16 gennaio - In mattinata arriva la notizia degli arresti domiciliari per Sandra Lonardo, presidente del Consiglio regionale della Campania e moglie del ministro della Giustizia Clemente Mastella, che è anche lui indagato. Mastella annuncia alla Camera le dimissioni “perché tra l’amore della mia famiglia e il potere scelgo il primo” e accusa le “frange estremiste” dei magistrati. Prodi respinge le dimissioni. Mastella va a Ceppaloni. Nel pomeriggio arriva la notizia che la Corte costituzionale ha ammesso i referendum elettorali.
17 gennaio - Mastella, in una conferenza stampa a Benevento, conferma le sue dimissioni e annuncia l’appoggio esterno dell’Udeur al Governo. Prodi non nomina un nuovo ministro e assume l’interim.

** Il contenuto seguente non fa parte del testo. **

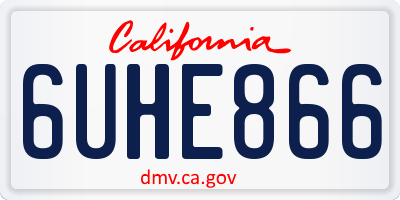 CA license plate 6UHE866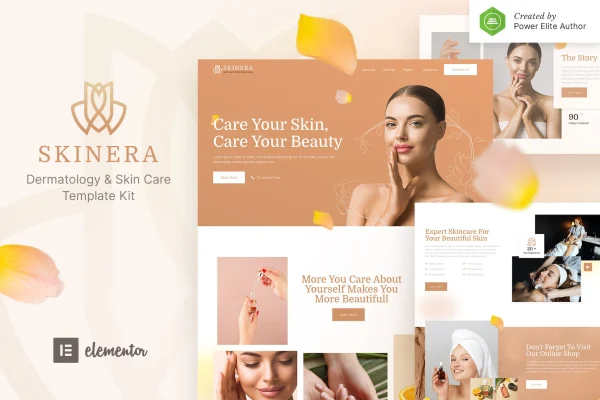 Skinera dermatology and skincare Elementor template kit preview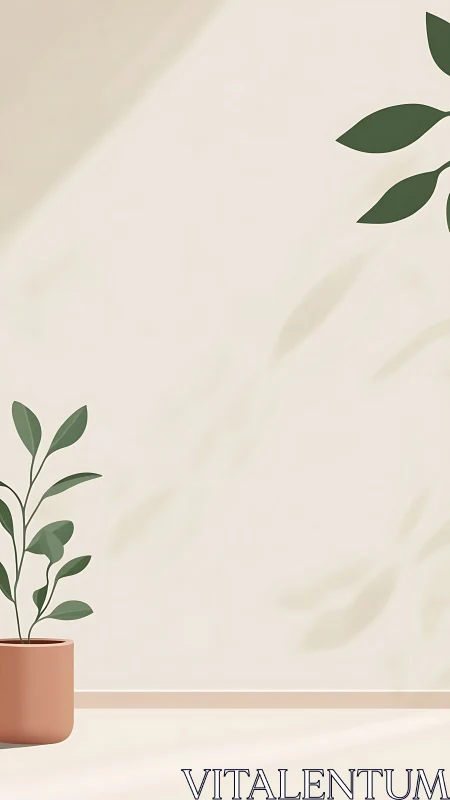 Minimalist potted plant against soft-lit wall with stylized foliage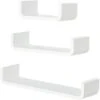 HOMCOM U Shaped Shelf Set Floating Wall Mounted White Hanging 3pc Display 1 HOMCOM U Shaped Shelf Set Floating Wall Mounted White Hanging 3pc Display -Living Room Furniture Store 3205775 1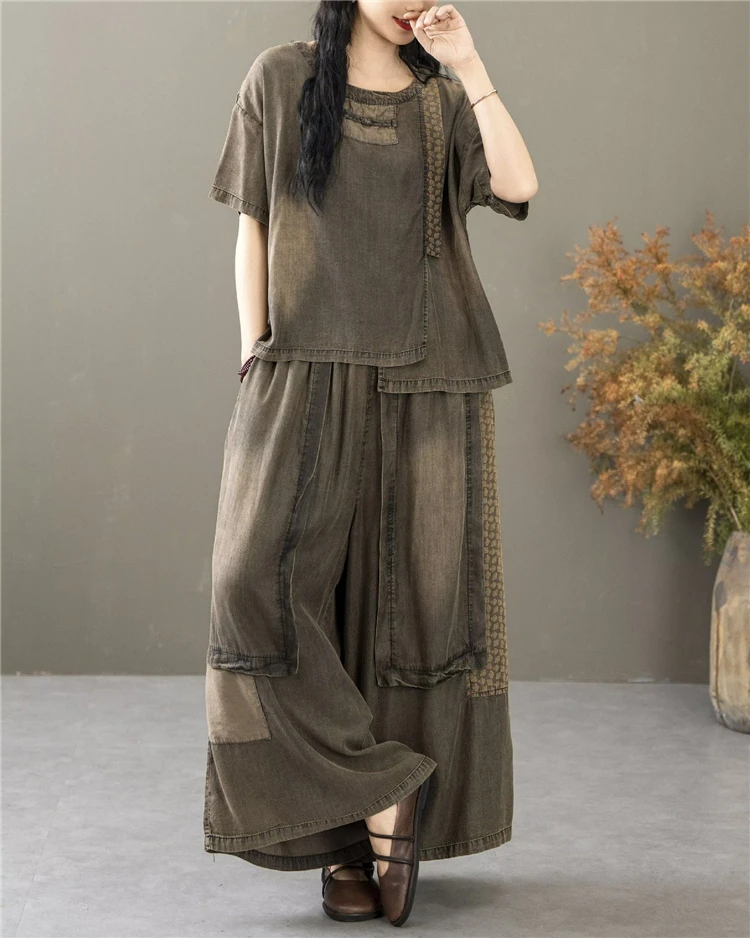 Classic Patchwork O Neck Vintage Tops Tees Loose Jeans Casual Pants Two Pieces Sets - Image 5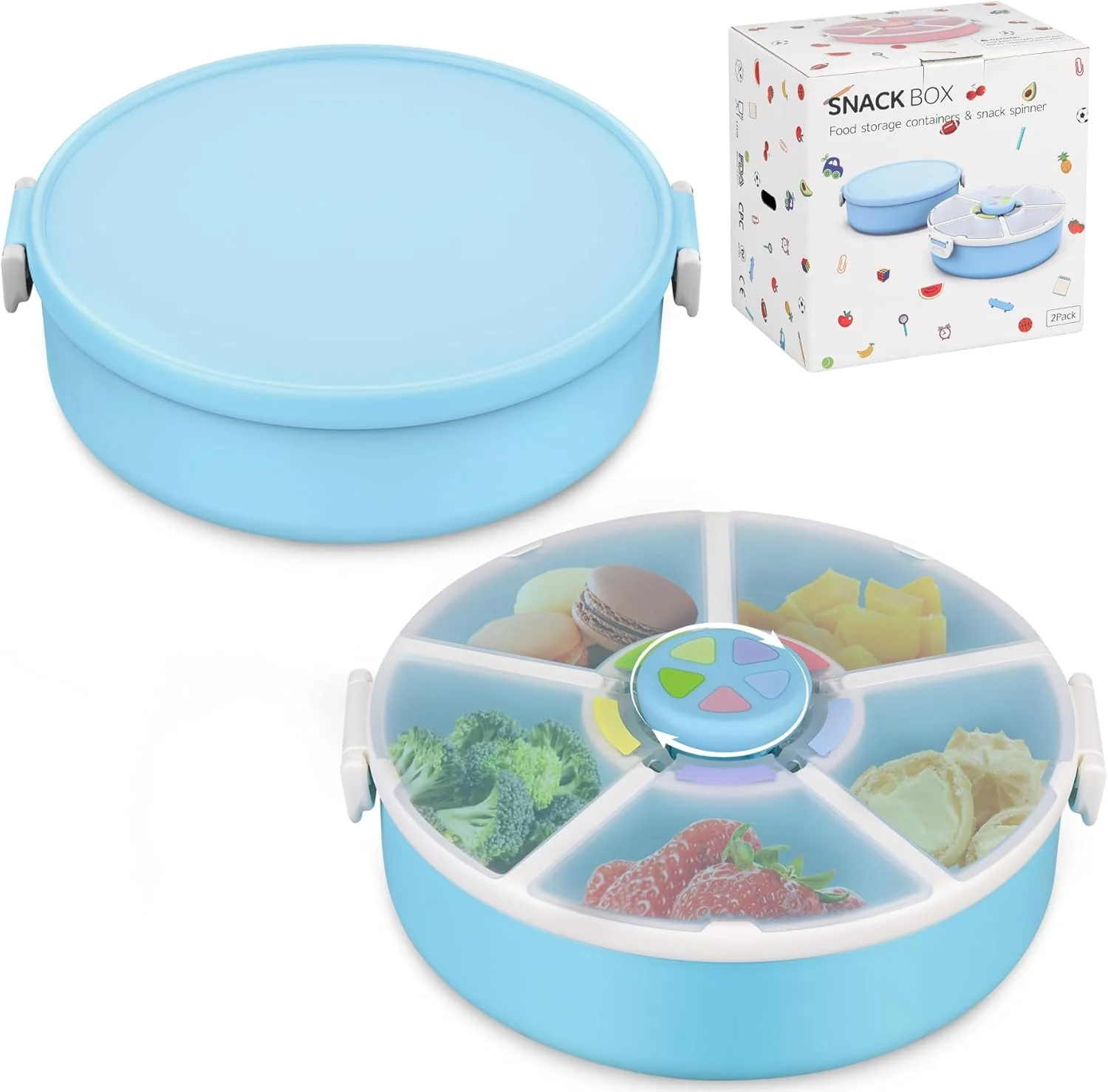 Long-Lasting Kids' Rotating Snack Container Set – 2-Pack Includes 1 Rotating Snack Container 1 Round Sectioned Snack Box BPA- Dishwasher Safe Refined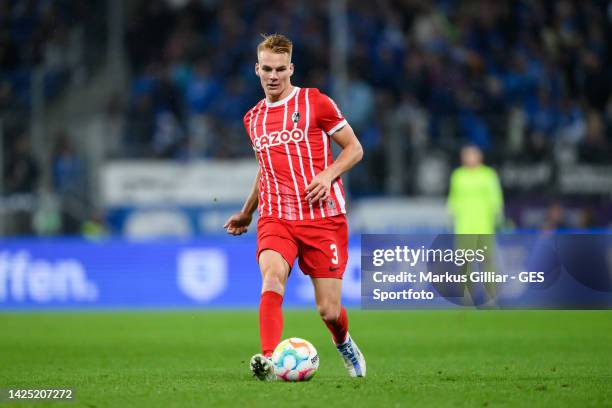 Philipp Lienhart of Freiburg controls the ball during the Bundesliga match between TSG Hoffenheim and Sport-Club Freiburg at PreZero-Arena on...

Al Senato, assenze strategiche nel centrodestra (soprattutto di Forza Italia) salvano il presidente della Regione Campania, Antonio Bassolino, su una risoluzione leghista che prevedeva lo scioglimento del Consiglio regionale. Con l’opposizione votano l’unico diniano presente e il senatore dissidente della sinistra Fernando Rossi.
18 gennaio - Prodi prende possesso delle funzioni di ministro della Giustizia auspicando che il suo incarico sia breve. Il capogruppo Udeur alla Camera, Mauro Fabris, chiede però un impegno all’unanimità della maggioranza nella “totale condivisione” della relazione di Mastella alla Camera. Intanto l’intreccio politica/inchieste si complica con la condanna a 5 anni del governatore della Sicilia, Totò Cuffaro, e la richiesta di rinvio a giudizio di Berlusconi nell’inchiesta napoletana sulle segnalazioni a favore di alcune attrici. Berlusconi dice di augurarsi che il Governo cada e che si torni al voto, con un rapido accordo sulla legge elettorale o anche con la vecchia legge perchè “spazio per governi istituzionali non c’é”.
19 gennaio - Il leader del Partito Democratico, Walter Veltroni, dice che il Pd è pronto ad andare da solo alle elezioni se Forza Italia facesse altrettanto. Malumori nella maggioranza. L’Italia dei valori annuncia che voterà no sulle parole di Mastella pronunciate in aula (le critiche ai magistrati).
20 gennaio - Prodi precisa che la guida del governo non deve confondersi con le scelte elettorali del Pd, che spetta agli organi operativi del partito. I Verdi protestano per la posizione del vicepremier Francesco Rutelli, che in tv è sembrato tiepido nei confronti dell’appoggio al ministro dell’Ambiente, Alfonso pecoraro Scanio, contro il quale l’opposizione ha presentato una mozione di sfiducia individuale.
21 gennaio - Dopo una giornata convulsa, Mastella annuncia che l’Udeur esce definitivamente dalla maggioranza e chiede di andare alle elezioni anticipate. Domani il presidente del Consiglio Prodi renderà comunicazioni alla Camera sulla situazione politica.

Commenti

Puoi lasciare un commento, oppure fare trackback dal tuo sito.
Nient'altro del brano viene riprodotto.